Colorado’s Scott Smith and Nebraska’s Garrett Nokes have roped a lot of steers together. In the last 35 years, they’ve amateur rodeoed and jackpotted across the High Plains, when Nokes wasn’t busy bull dogging in the PRCA. But no steer was ever as sweet as the one they roped December 12 at the South Point Hotel and Casino in 8.66 seconds in the short round of the #12 Ariat Finale.
That high call steer brought their aggregate time to 30.82 seconds on four head, besting the second place team of Jeff Veazey and Trevor Peterson who roped four in 31.10 seconds.

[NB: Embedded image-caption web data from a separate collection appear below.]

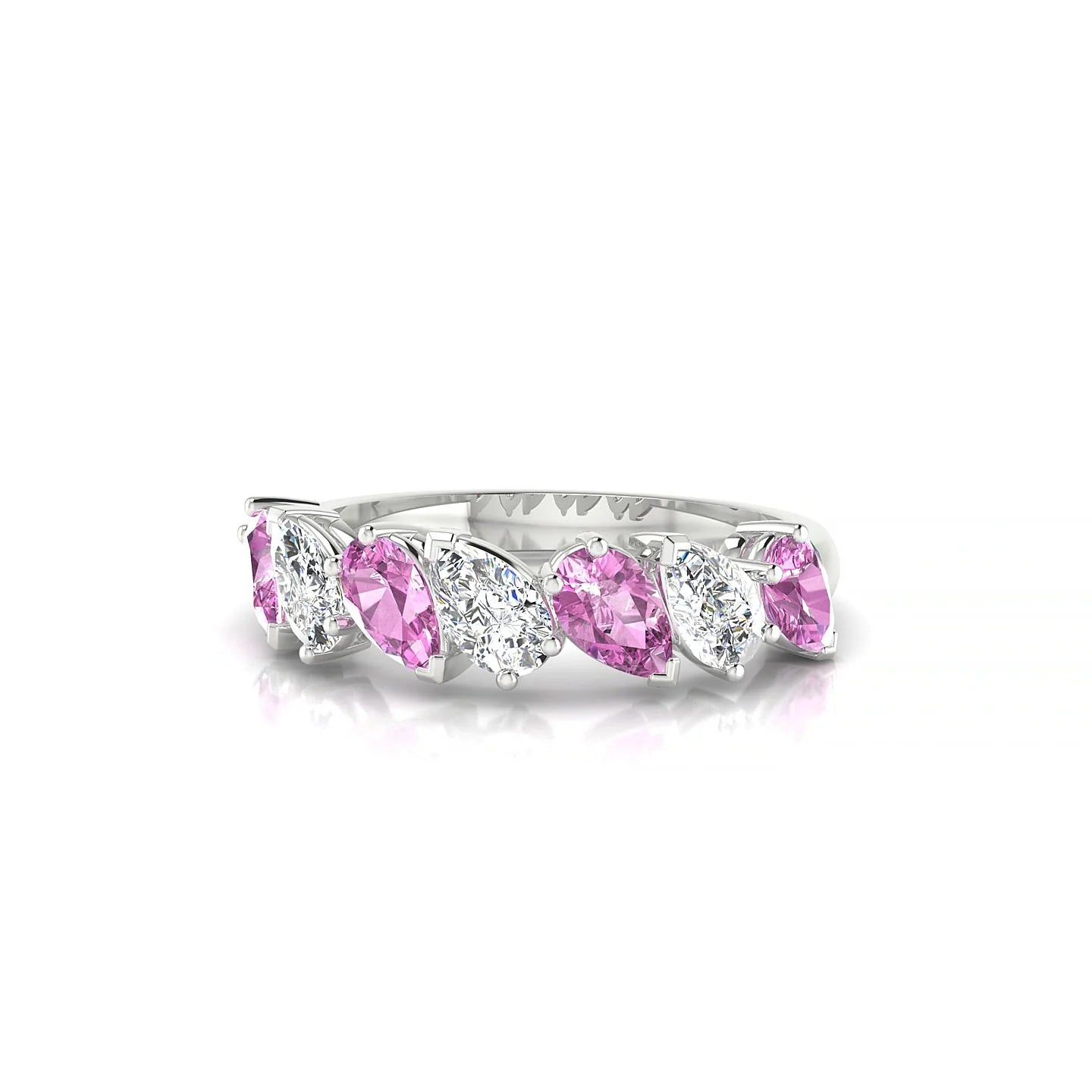 Mist | 18k White Gold 5 x 3 mm Pear Pink Sapphire & Diamond Ring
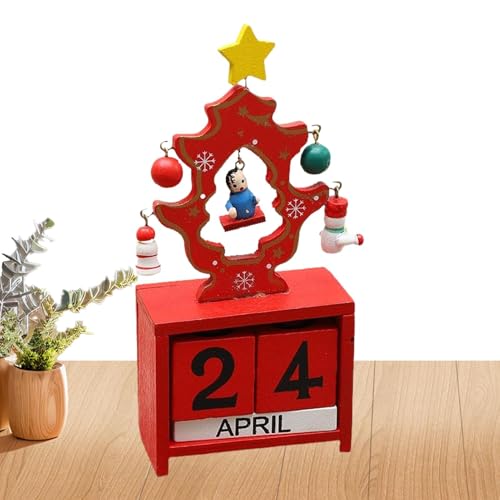 Bexdug Weihnachts-Countdown-Kalender,Weihnachtskalender-Countdown | Countdown-Kalenderblöcke aus Holz | 5,31 Zoll große Monats- und Datumsanzeige, abnehmbare Weihnachts-Countdown-Kalenderblöcke für von Bexdug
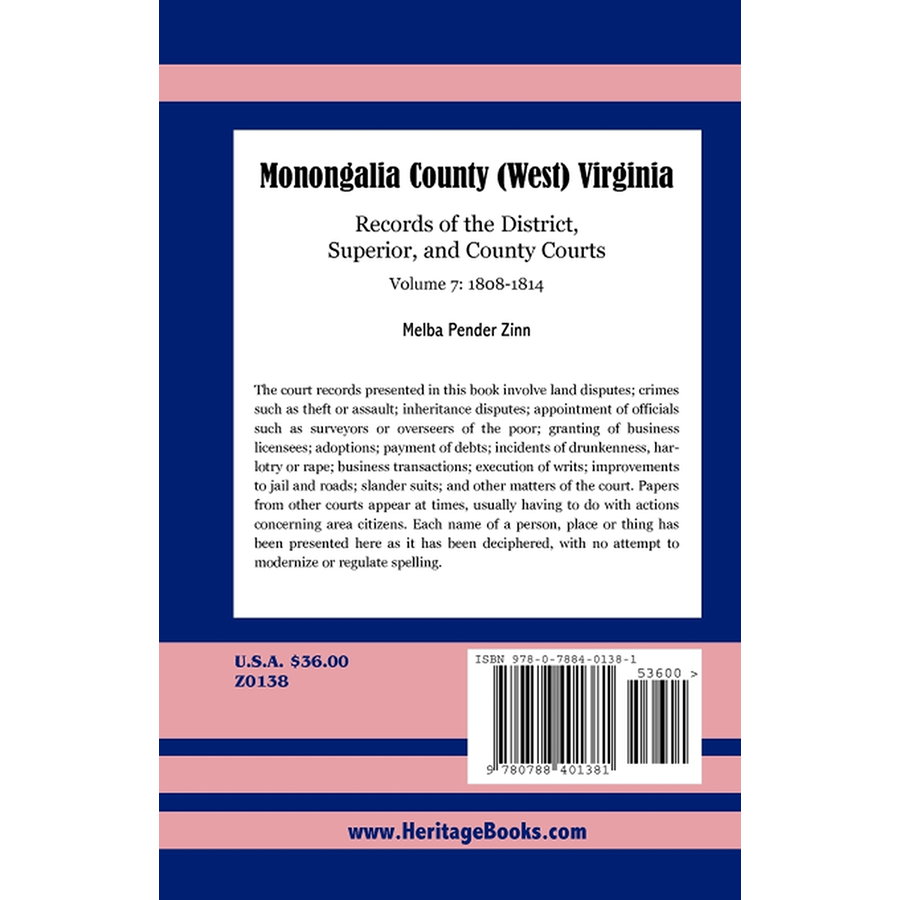 Monongalia County, (West) Virginia Records of the District, Superior, and County Courts, Volume 7, 1808-1814 back cover
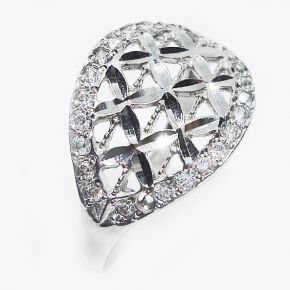 Кольцо серебро 925 с алмазной гранью и фианитами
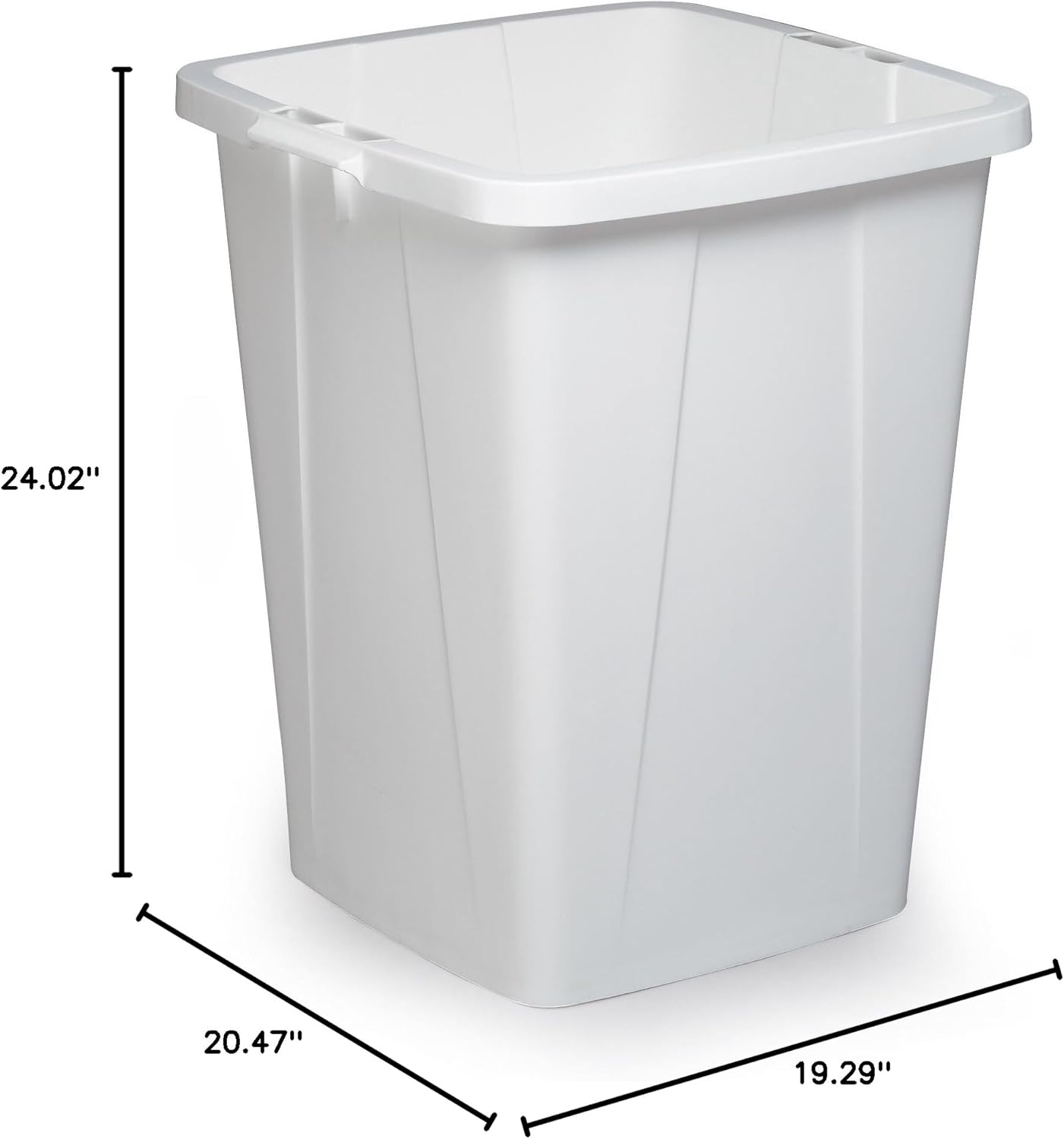 Durable DURABIN 90 Rectangular Waste Bin White | 90 Litre Capacity | Food and Freezer Safe | Perfect for Waste Collection or Recycling
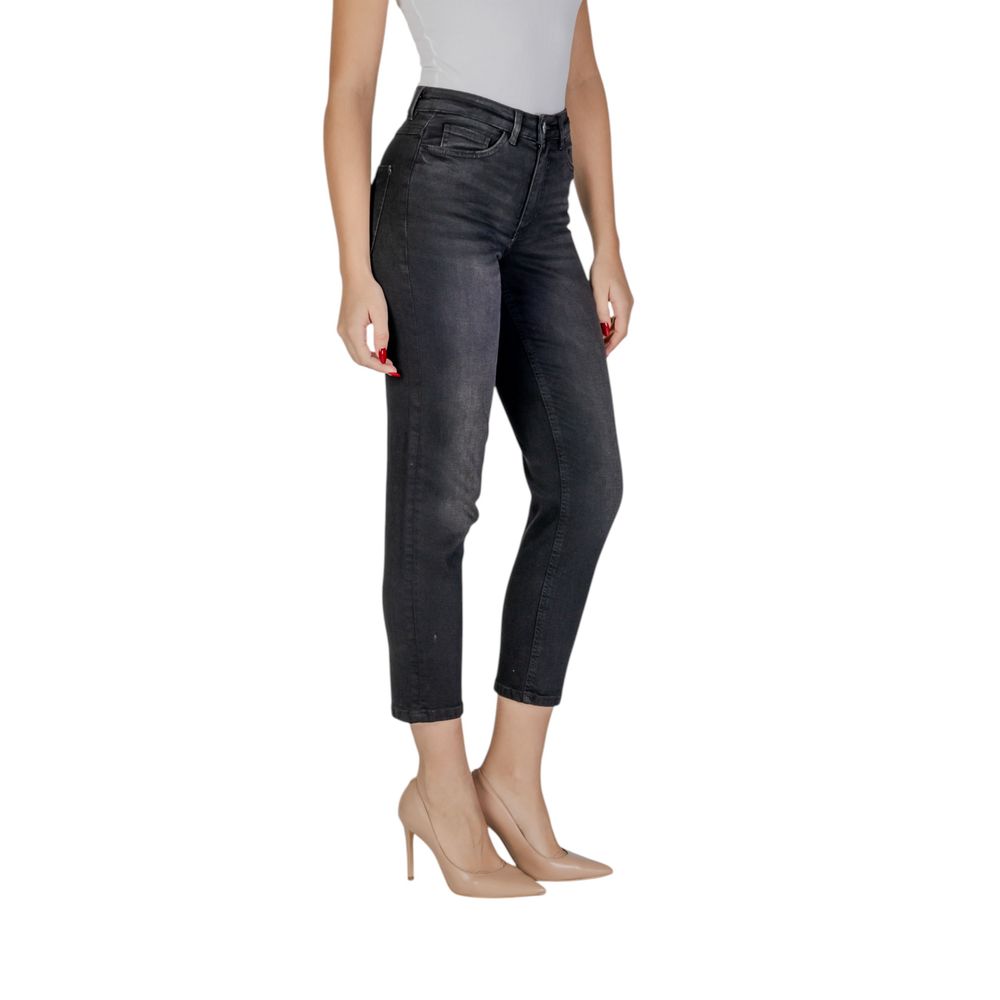 Black Cotton Mom Jeans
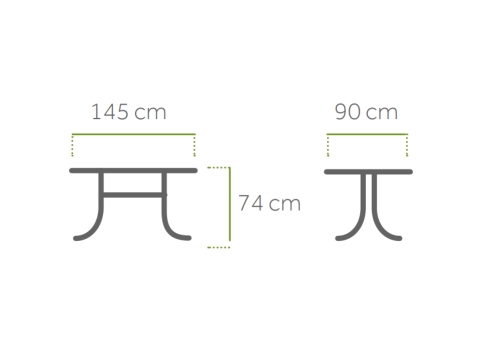 MWH Universal Tisch Eisengrau 145x90cm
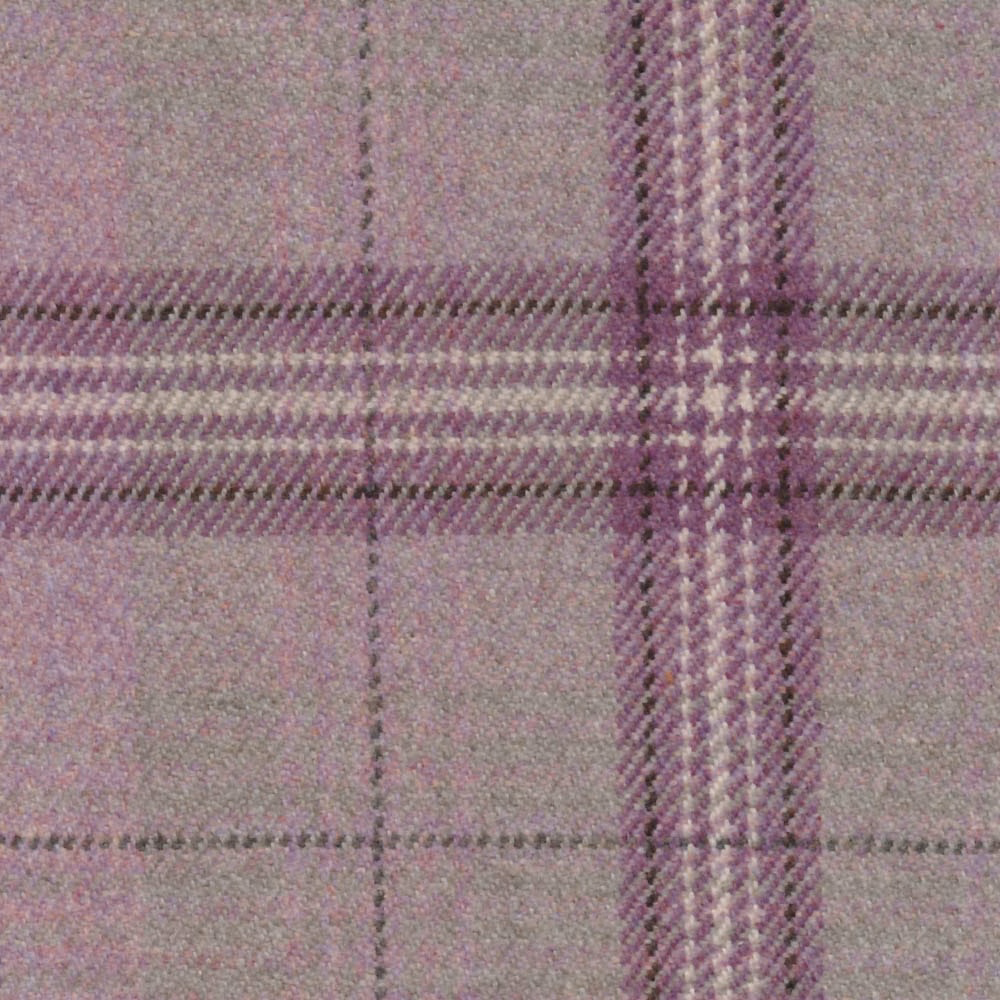 Close-up of dusty mauve and grey plaid with raised woven crossing lines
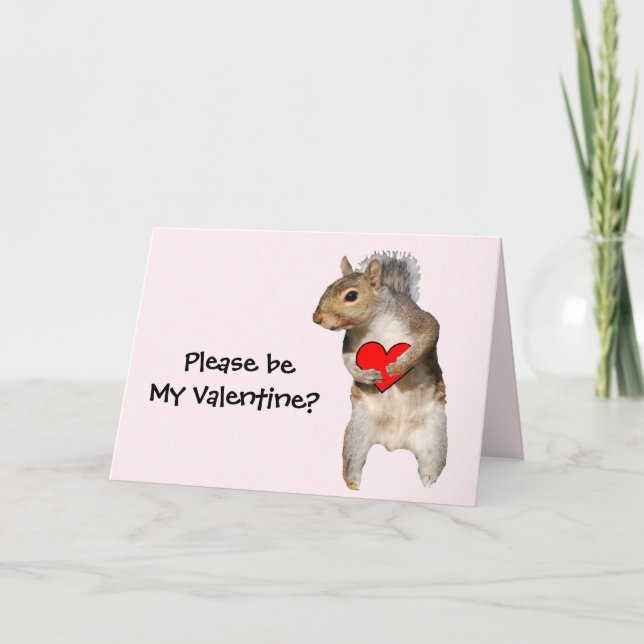 Valentine Squirrel with Heart Holiday Card (Front)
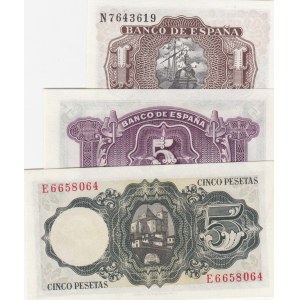 Spain, 1 Peseta and 5 Pesetas, 1935/1953, UNC,  (Total 3 banknotes)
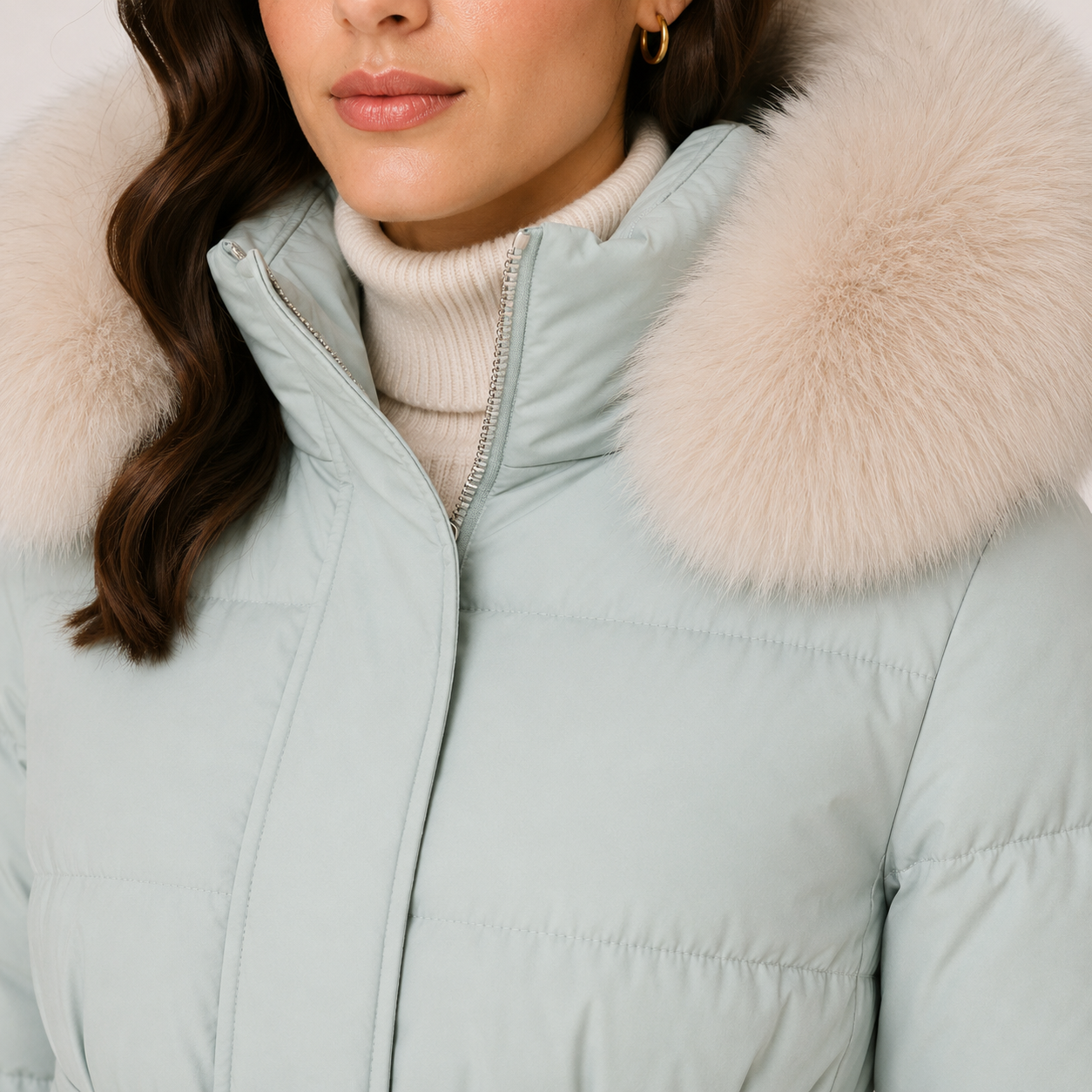 Women's Puffer Parka Water Resistant Loose Fit Fur Hood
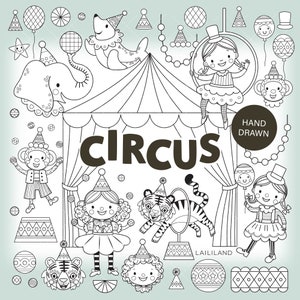 Circus zwart-wit clipart carnaval doodle png-bestanden Circus kinderen lijntekeningen clipart digitale download persoonlijk en commercieel gebruik 038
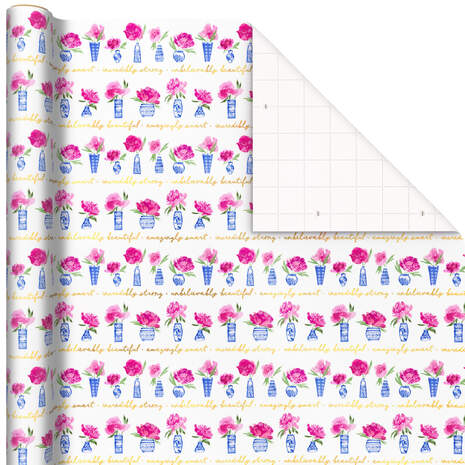 Pink Flowers in Blue Vases Wrapping Paper, 25 sq. ft., , large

Smith, 57, remembers Nokes, 42, as a kid heading on a paint pony that wasn’t as big as the steers in 1982.
“It’s cool to win something like this with a friend,” Nokes, who steer wrestled at the 2005 Wrangler National Finals Rodeo and now coaches rodeo at Mid-Plains Community College in McCook, Nebraska, said. “Because you know it’s changing your life and you know it’s changing their too. It might put more pressure on you, but I’ve roped with Scott enough that we both knew, riding in there today, that we was going to go for it.”
“Shoot, we didn’t even talk about it,” Smith added, who works in the oilfield for Xcel Energy.
Smith was riding a 17-year-old gelding, Jet, who he’s owned since the big sorrel was a 2-year-old.
“I bought him because he is a son of Comprende, who is a son of Jet Deck,” Smith said. “He’s one of the last of them. After all those years, I got the name Comprende Jet for him. I used to rodeo on him, and I know him really well.”
The horse is a big part of the Smith family, as Scott’s wife Nancy met him in the warm up pen and hugged the horse right after she hugged Scott.
“She used to run barrels on him when I took a few years off heading,” Smith said of his wife of 27 years.
Nokes’ wife, Laura, was so elated after the win she could barely speak. She was so nervous between their third steer and the short round (Nokes qualified in the final rotation), that she didn’t speak to her husband.
“I figured after two years of dating me, and never griping about being broke and rodeoing, I better put a ring on her finger,” Nokes, who steer wrestled at the 2005 Wrangler National Finals Rodeo, said. “She’s been so supportive. She teaches special ed, we have to kids, Trevor, 12, and Parker, 9, and she’s been awesome. Every time I want to go to a roping or entered a rodeo, I don’t have to run nothing by her. We’ve been very supportive of each other. She’s a hell of a partner in the deal.”